The Office of the United Nations High Commissioner for Refugees was established on December 14, 1950 by the United Nations General Assembly. The agency is mandated to lead and co-ordinate international action to protect refugees and resolve refugee problems worldwide. Its primary purpose is to safeguard the rights and well-being of refugees. It strives to ensure that everyone can exercise the right to seek asylum and find safe refuge in another State, with the option to return home voluntarily, integrate locally or to resettle in a third country. It also has a mandate to help stateless people.

In more than six decades, the agency has helped tens of millions of people restart their lives. Today, a staff of some 7,685 people in more than 125 countries continues to help some 33.9 million persons.

A Global Humanitarian Organization of Humble Origins

The UN refugee agency emerged in the wake of World War II to help Europeans displaced by that conflict. Optimistically, the Office of the United Nations High Commissioner for Refugees was established on December 14, 1950 by the United Nations General Assembly with a three-year mandate to complete its work and then disband. The following year, on July 28, the United Nations Convention relating to the Status of Refugees – the legal foundation of helping refugees and the basic statute guiding UNHCR’s work – was adopted.

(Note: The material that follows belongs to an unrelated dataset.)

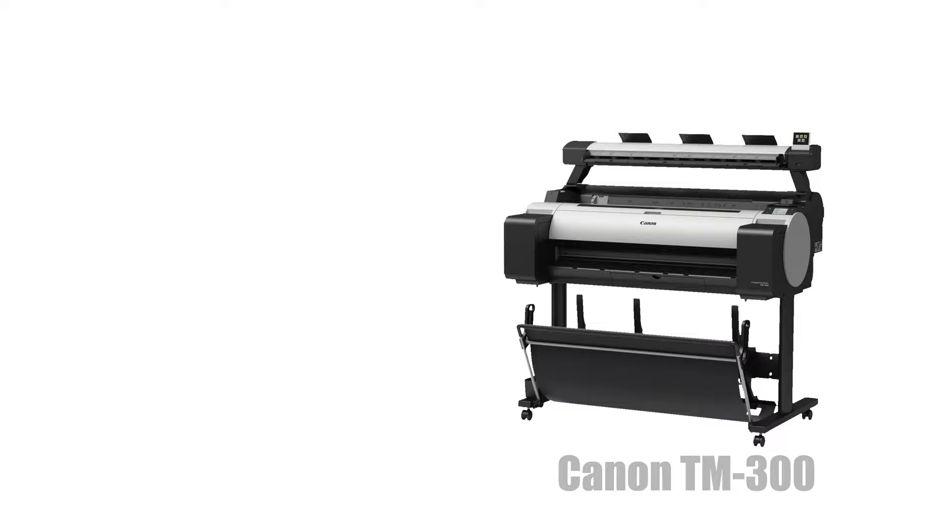If you're looking for a color wide format for the same kind of blue printing, a Canon TM is another wide format MFD, meaning it can print, scan, and copy.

By 1956 UNHCR was facing its first major emergency, the outpouring of refugees when Soviet forces crushed the Hungarian Revolution. Any expectation that UNHCR would become unnecessary has never resurfaced. In the 1960s, the decolonization of Africa produced the first of that continent’s numerous refugee crises needing UNHCR intervention. Over the following two decades, UNHCR had to help with displacement crises in Asia and Latin America. By the end of the century there were fresh refugee problems in Africa and, turning full circle, new waves of refugees in Europe from the series of wars in the Balkans.

The start of the 21st Century has seen UNHCR helping with major refugee crises in Africa, such as the Democratic Republic of the Congo and Somalia, and Asia, especially the 30-year-old Afghan refugee problem. At the same time, UNHCR has been asked to use its expertise to also help many internally displaced by conflict. Less visibly, it has expanded its role in helping stateless people, a largely overlooked group numbering millions of people in danger of being denied basic rights because they do not have any citizenship. In some parts of the world, such as Africa and Latin America, the original 1951 mandate has been strengthened by agreement on regional legal instruments.

In 1954, the new organization won the Nobel Peace Prize for its ground-breaking work in helping the refugees of Europe. Its mandate had just been extended until the end of the decade. More than a quarter century later, UNHCR received the 1981 award for what had become worldwide assistance to refugees, with the citation noting the political obstacles facing the organization. From only 34 staff members when UNHCR was founded, it now has more than 7,685 national and international members of staff, including 972 in UNHCR’s Geneva headquarters. The agency works in 126 countries, with staff based in 135 main locations such as regional and branch offices and 279 often remote sub-offices and field offices.

The budget has grown from US$300,000 in its first year to more than US$3.59 billion in 2012. There are more than 43 million uprooted people worldwide. UNHCR now deals with 33.9 million people of concern to UNHCR: 14.7 million internally displaced people, 10.5 million refugees, 3.1 million returnees, 3.5 million stateless people, more than 837,000 asylum seekers and more than 1.3 other persons of concern. An organization with a three-year mandate to solve the problem of refugees celebrated its 60th anniversary on 14 December 2010, aware that the humanitarian needs are unlikely to disappear.

How UNHCR is Run and Structured

The UN refugee agency is governed by the UN General Assembly and the Economic and Social Council (ECOSOC). The UNHCR Executive Committee approves the agency’s biennial programmes and the corresponding budget. These are presented by the High Commissioner (currently António Guterres), who is appointed by the UN General Assembly.

The UN refugee agency’s mandate is defined by the 1950 UNHCR Statute. In 2003, the General Assembly extended the organization’s mandate “until the refugee problem is solved.” The High Commissioner reports annually to ECOSOC and the General Assembly on the work of UNHCR.

As head of the organization, the High Commissioner is responsible for the direction and control of UNHCR. He/she directs the work of UNHCR with the assistance of a Deputy High Commissioner and Assistant High Commissioners for Protection and Operations.

The agency has a national and international staff of more than 7,685 working in 126 countries.

Most UNHCR operations are in the field. The worldwide operation has become highly complex, ranging from recruitment of new staff and ensuring their security in dangerous situations to the procurement of everything from medical supplies and bulk food shipments to aircraft charters. Specific departments, mostly based in the Geneva headquarters, oversee key areas, such as operations, protection, external relations, human resources and finances. A number of regional bureaux liaise between overseas offices and headquarters.

In the field, UNHCR’s core work is managed from a series of regional offices, branch offices, sub-offices and field offices. The High Commissioner’s representatives head operations in the countries where the agency works, while there are also a number of regional representatives.